Morgan Stanley Capital International (MSCI) menjadwalkan pengumuman hasil peninjauan indeks untuk pasar Indonesia pada Selasa (12/5/2026) waktu Amerika Serikat. Langkah penyesuaian berkala ini menjadi perhatian pasar karena berpotensi mengubah komposisi kepemilikan investor asing di Bursa Efek Indonesia melalui rebalancing portofolio global.
Hasil tinjauan tersebut baru dapat diakses pelaku pasar domestik pada Rabu dini hari (13/5/2026) akibat perbedaan zona waktu, sebagaimana dilansir dari Money. Kebijakan ini dijadwalkan mulai berlaku efektif setelah penutupan perdagangan pada Jumat (29/5/2026) mendatang.
Fokus pasar saat ini tertuju pada potensi penghapusan sejumlah emiten dari indeks, mengingat MSCI sebelumnya telah menginformasikan kebijakan pembekuan penambahan saham baru dari Indonesia. Emiten dengan konsentrasi kepemilikan tinggi atau High Shareholding Concentration (HSC) menjadi kelompok yang paling rentan terdepak dalam ulasan Mei ini.

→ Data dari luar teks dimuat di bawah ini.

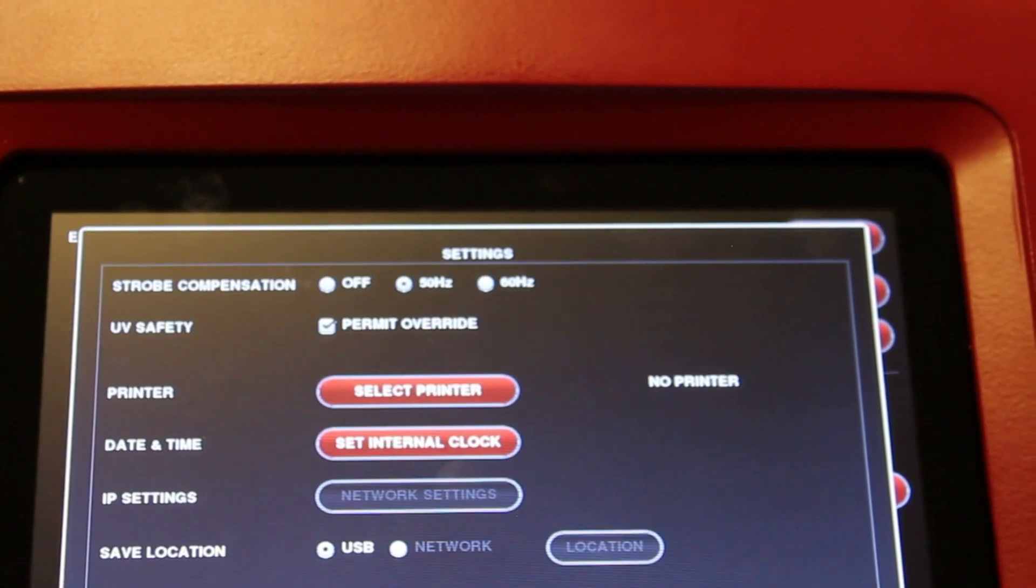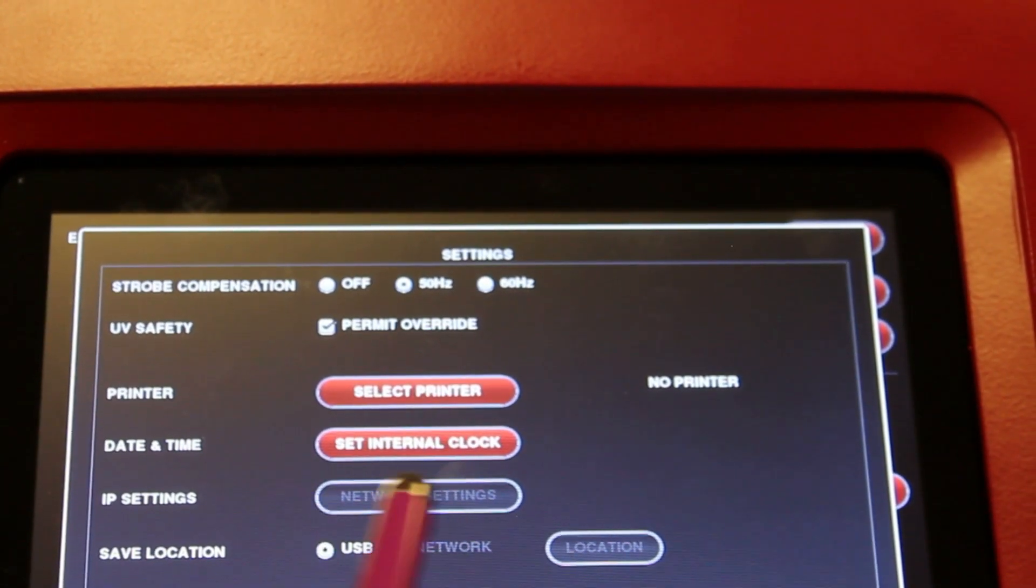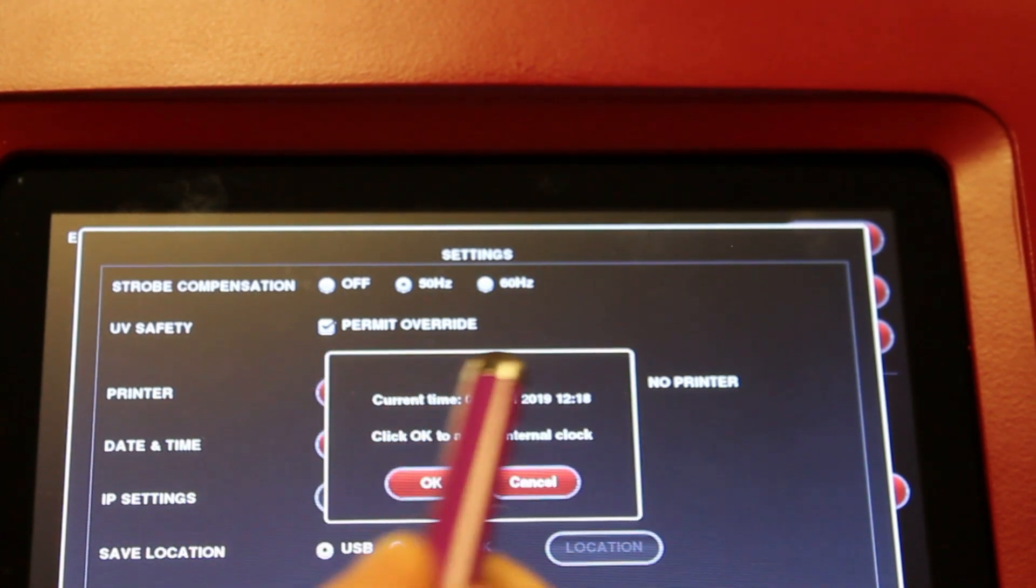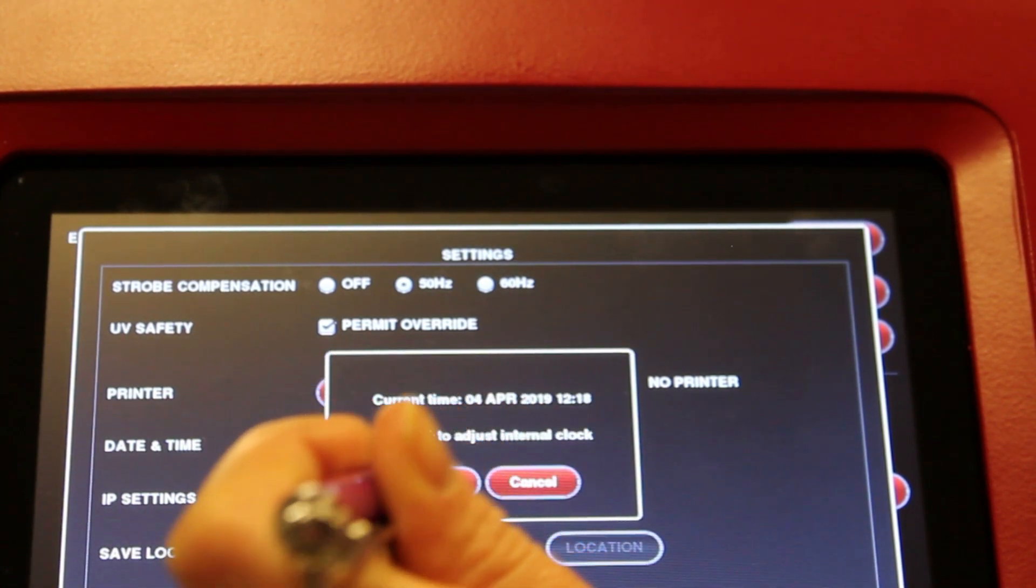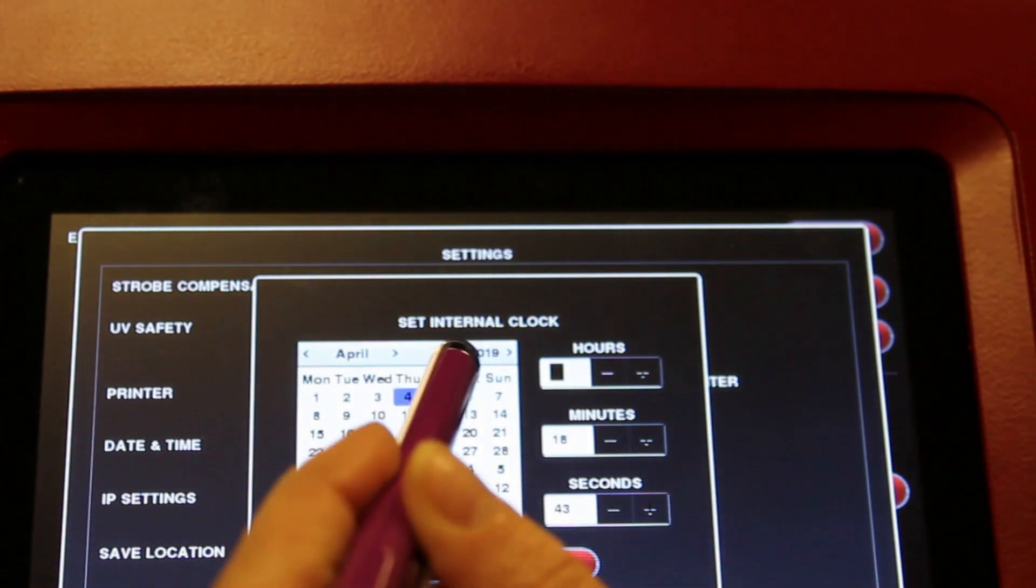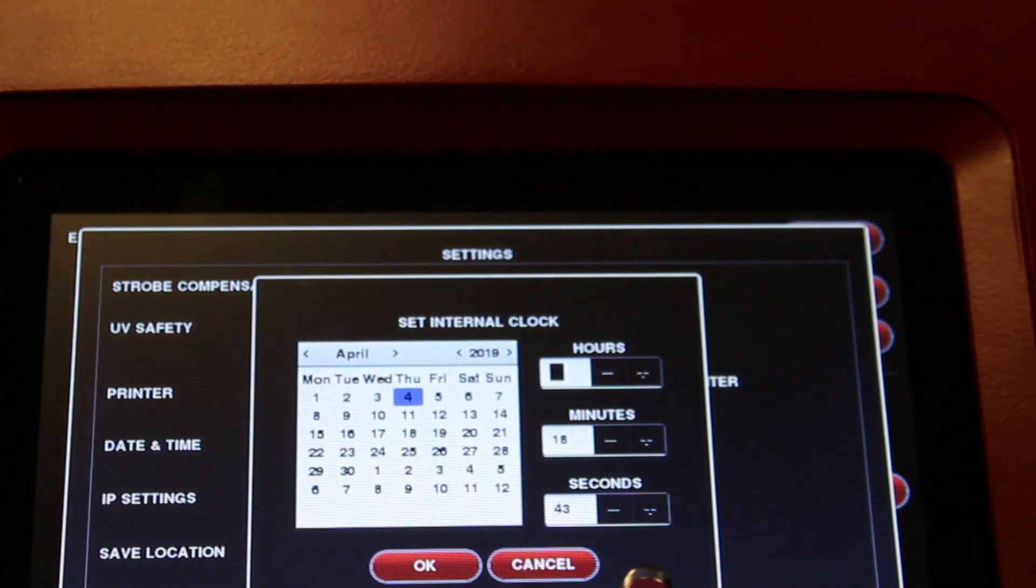You can also change the date and time. You can select the internal clock button here, and then you can select your date and the time.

Senior Market Analyst Mirae Asset Sekuritas Indonesia, Nafan Aji Gusta, memproyeksikan beberapa saham emiten domestik akan keluar dari indeks tersebut. Dua nama yang disebut adalah PT Barito Renewables Energy Tbk (BREN) dan PT Dian Swastatika Sentosa Tbk (DSSA) karena faktor konsentrasi kepemilikan saham.

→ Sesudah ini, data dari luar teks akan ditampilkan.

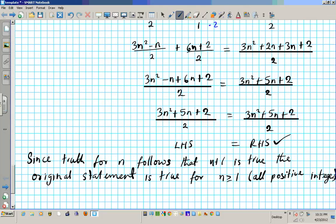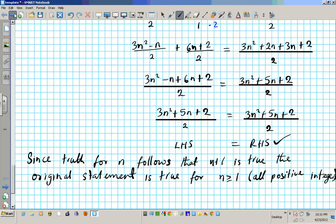Thanks for paying attention to this presentation. You can subscribe to my videos for future updates. And if you want to see all my clips organized, you can go to matt.serve.luxbar.com. Have a good day. Bye-bye.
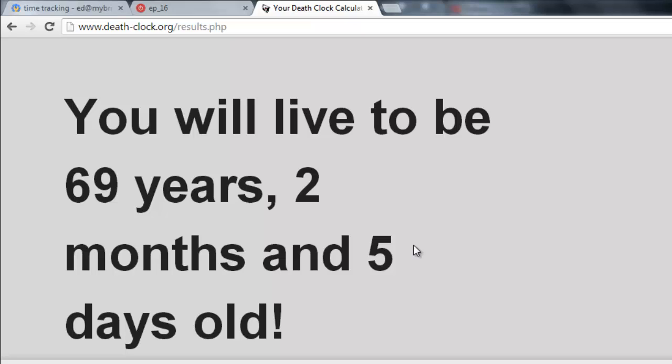Alright, it's a dark day here at My Bring Back. I've made the decision to visit deathclock.org and find out when I'm going to die. Fittingly enough, I'm going to make it right to 69 years before I kick the bucket. But all of us are going to go eventually, and that's what we would call the mortal condition.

"Saham BREN dan DSSA berpotensi dikeluarkan dari indeks MSCI paling cepat pada rebalancing Mei 2026," ujar Nafan Aji Gusta, Senior Market Analyst Mirae Asset Sekuritas Indonesia.
Nafan menambahkan bahwa selain dua emiten tersebut, saham lain seperti PT Amman Mineral Internasional Tbk (AMMN), PT Petrindo Jaya Kreasi Tbk (CUAN), dan PT Charoen Pokphand Indonesia Tbk (CPIN) juga berisiko keluar. Hal ini dipicu oleh penurunan free float Foreign Inclusion Factor (FIF) berdasarkan data kepemilikan di atas 1 persen.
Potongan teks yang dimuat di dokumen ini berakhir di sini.